Model of an Artificial Neural Network for Solving the Problem of Controlling a Genetic Algorithm Using the Mathematical Apparatus of the Theory of Petri Nets

• Main Authors: David Aregovich Petrosov, Vadim Alexsandrovich Lomazov, Nataliy Vladimirovna Petrosova
• Format: Article
• Language: English
• Published: MDPI AG 2021-04-01
• Series: Applied Sciences
• Subjects: artificial neural networks; genetic algorithm; intelligent information systems; Petri net theory; structural–parametric synthesis; GPGPU technology
• Online Access: https://www.mdpi.com/2076-3417/11/9/3899

The aim of the study was to increase the speed, quantity and quality of solutions in intelligent systems aimed at solving the problem of structural–parametric synthesis of models of large discrete systems with a given behavior. As a hypothesis, it was assumed that the adapted model of an artificial neural network is able to control changes in the parameters of the functioning of the operators of the genetic algorithm directly in the process of solving the problem of intelligent structural–parametric synthesis of models of large discrete systems.

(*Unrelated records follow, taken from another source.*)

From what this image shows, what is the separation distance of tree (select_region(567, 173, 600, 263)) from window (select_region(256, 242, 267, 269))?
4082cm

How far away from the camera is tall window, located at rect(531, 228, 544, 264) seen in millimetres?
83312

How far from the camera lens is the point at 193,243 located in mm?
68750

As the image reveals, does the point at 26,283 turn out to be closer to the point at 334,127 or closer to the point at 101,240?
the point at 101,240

To solve the problem of managing the process of intelligent search for solutions based on a genetic algorithm, an artificial neural network, which is used as an add-in, must dynamically change the “destructive” ability of operators based on data about the current and/or historical state of the population. In the article, the theory of Petri nets is used as a single mathematical device capable of modeling the work of evolutionary procedures. This mathematical tool is able to simulate the operation of a genetic algorithm adapted to solving the problem of structural–parametric synthesis of models of large discrete systems with a given behavior; simulate the operation and training of an artificial neural network; combine the genetic algorithm with a control add-in based on an artificial neural network to prevent attenuation and premature convergence; simulate the process of recognizing the state of the population; and simulate the operation of the models obtained as a result of the synthesis. As an example of the functioning of the proposed approach, the article presents the results of a computational experiment, which considers the problem of structural–parametric synthesis of computer technology based on the developed models of the element base-RS, D and T triggers that are capable of processing a given input vector into the required (reference) output. In the software implementation of the proposed approach, calculations on the CPU and CPU+GPGPU technologies were used.